Please reproduce verbatim the lines below, from the first through the one with "Domed church with".
++++++
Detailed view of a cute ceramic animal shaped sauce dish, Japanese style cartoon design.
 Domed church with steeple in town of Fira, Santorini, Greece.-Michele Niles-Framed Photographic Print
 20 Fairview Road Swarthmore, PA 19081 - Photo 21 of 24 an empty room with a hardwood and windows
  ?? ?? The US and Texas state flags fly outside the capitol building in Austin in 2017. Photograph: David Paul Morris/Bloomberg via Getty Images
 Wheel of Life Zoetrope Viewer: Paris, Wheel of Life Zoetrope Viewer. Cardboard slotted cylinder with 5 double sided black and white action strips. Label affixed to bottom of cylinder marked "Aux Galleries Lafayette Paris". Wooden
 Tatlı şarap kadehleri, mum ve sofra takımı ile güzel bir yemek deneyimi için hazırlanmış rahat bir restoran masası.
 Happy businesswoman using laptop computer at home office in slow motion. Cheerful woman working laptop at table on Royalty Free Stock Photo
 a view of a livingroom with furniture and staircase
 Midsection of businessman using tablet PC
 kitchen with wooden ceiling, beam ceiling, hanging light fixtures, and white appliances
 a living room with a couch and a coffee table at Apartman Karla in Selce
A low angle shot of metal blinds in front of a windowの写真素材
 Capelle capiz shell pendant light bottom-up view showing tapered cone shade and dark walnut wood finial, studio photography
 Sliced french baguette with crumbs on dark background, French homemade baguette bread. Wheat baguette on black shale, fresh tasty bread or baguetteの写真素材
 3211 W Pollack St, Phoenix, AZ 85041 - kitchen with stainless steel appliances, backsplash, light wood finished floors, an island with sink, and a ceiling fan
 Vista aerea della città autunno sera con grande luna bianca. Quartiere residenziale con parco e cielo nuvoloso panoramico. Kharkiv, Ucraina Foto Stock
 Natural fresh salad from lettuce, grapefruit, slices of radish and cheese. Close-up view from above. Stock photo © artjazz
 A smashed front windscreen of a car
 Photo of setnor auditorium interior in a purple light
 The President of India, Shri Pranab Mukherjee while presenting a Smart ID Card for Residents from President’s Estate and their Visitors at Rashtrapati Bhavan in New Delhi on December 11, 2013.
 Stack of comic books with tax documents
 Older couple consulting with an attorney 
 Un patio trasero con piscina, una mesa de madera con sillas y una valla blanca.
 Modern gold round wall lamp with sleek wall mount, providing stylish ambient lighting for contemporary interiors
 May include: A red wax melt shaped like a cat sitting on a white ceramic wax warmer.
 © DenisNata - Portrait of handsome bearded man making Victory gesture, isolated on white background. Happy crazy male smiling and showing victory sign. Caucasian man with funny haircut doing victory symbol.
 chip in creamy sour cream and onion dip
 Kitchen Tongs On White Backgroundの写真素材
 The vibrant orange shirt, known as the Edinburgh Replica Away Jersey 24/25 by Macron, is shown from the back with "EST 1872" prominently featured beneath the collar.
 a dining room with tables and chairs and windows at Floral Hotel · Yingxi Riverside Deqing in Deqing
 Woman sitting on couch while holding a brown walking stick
++++++
**ANSWER SPACE:**
Detailed view of a cute ceramic animal shaped sauce dish, Japanese style cartoon design.
 Domed church with steeple in town of Fira, Santorini, Greece.-Michele Niles-Framed Photographic Print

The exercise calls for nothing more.